Right now, the City of Birmingham has budgeted over $2 million to make capital improvements to Legion Field this year.
“We’re doing yearly maintenance. So if you call that upgrade, yes,” said Montal Morton, president of the Park and Recreation Board. “So if it’s in our budget that we can do upgrades and preventive maintenance, we would definitely do that.”
City officials have also been working hard to recruit more events to the stadium. Most recently, the Morehouse Tuskegee Classic has been booked at Legion Field until 2023. City leaders are also talking with the United States Football League to bring their upcoming season to both Protective Stadium and Legion Field.
But some people feel that Legion Field has become the designated HBCU game spot. Which isn’t a problem for most HBCU fans, but Jill Rogers says that the facility needs major updates to be equitable to Protective Stadium.
“What I’ve noticed being a HBCU grad myself and just observing that we often get subpar facilities, and I just don’t think that’s right,” she said. “We can invest in Legion Field and then those schools can also have a feel that’s of equal standard because Miles or Alabama State or Alabama A&M — they’re not subpar to UAB.”
Legion Field was once home to the UAB Blazers and the Iron Bowl.
Birmingham City Councilor Crystal Smitherman, who also sits on the Parks and Recreation committee, said that Legion Field will continue to be used for games and events, including high school sports. She also said there are plans to expand the stadium.
“There have been talks about possibly putting a dome to it. I know the lights at Legion Field were just improved. So that’s the most immediate change that was done. They’re still in talks of what to do next about Legion Field, as far as improving it,” Smitherman said.
However, some are concerned that Legion Field isn’t worth the millions of dollars needed to update it. The stadium was already downsized by over 10,000 seats in 2004 when its upper deck was removed. And some fear that in a few years Legion Field will be demolished, and Protective Stadium will be the only place to go.
That fear worries people who celebrate the Magic City Classic every year. The annual football event draws in over 125,000 people to the stadium, the largest event for the City of Birmingham. Legion Field seats over 70,000 people, and there’s plenty of room to tailgate. But Protective Stadium sits 45,000, and there doesn’t seem to be a lot of space for parking and tailgating close by.
That tailgating is a huge part of the Classic. Thousands of fans pull up in their cars and RVs outside Legion Field, blocking off roads for several blocks. So much of what the Classic entails is the camaraderie outside the stadium: watching the game on flat screens, large buffets of chicken, ribs and fish plus non-stop music.

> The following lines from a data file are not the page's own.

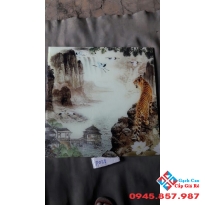 Gạch tranh trang trí giá rẻ (05)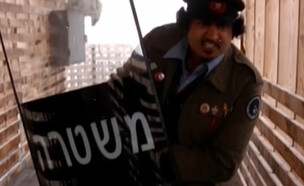 קינג קאן (צילום: YouTube)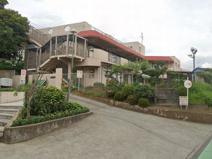 たちばな保育園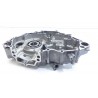 Carter moteur gauche Yamaha 450 WRF 2004 / crankcase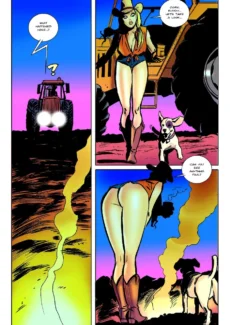 Tall Girl (6)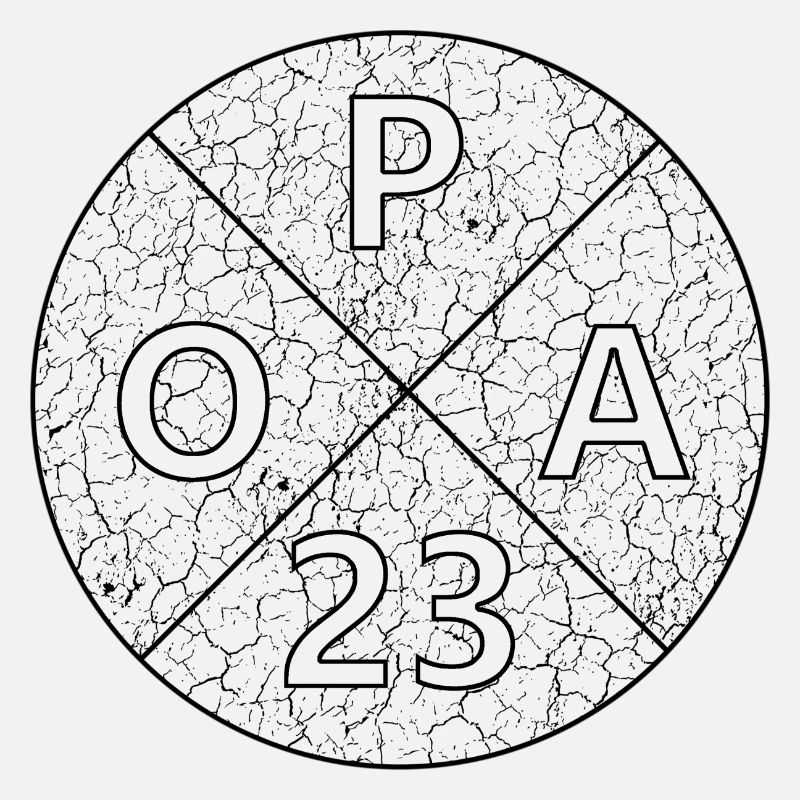 Opa 23 Grandfather 2023
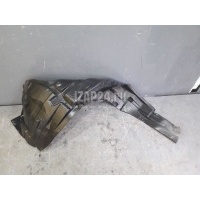 Локер передний левый Suzuki Grand Vitara (2005 - 2015) 7248265J00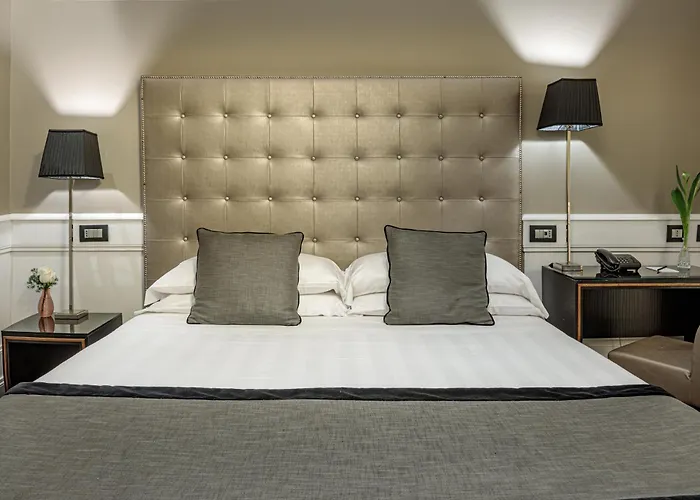 The Independent 4*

That’s why Alabama State alum and Classic attendee Darryl Johnson is totally against tearing down Legion Field.
“I think that would be the end of the classic as we know it, because when you think about how the stadium downtown is pretty much landlocked, you know, it’s hard to find parking. The tailgating experience is the biggest thing about the Magic City Classic, as we all know,” Johnson said. “So I think if that were to happen, then the classic wouldn’t be the same wouldn’t be the classic as we know it now.”
In 2019, Think Rubix, a social innovation consultant, conducted a study, called Westside Rising Report, to determine how the community feels about Legion Field. It found that business owners in the area rely on the stadium to make money.
In reporting this story, it seems as if many don’t want to discuss what may be inevitable for Legion Field. Ultimately, the report concluded that people don’t want to tear down the historic stadium and fear that if it was torn down that nothing would replace it.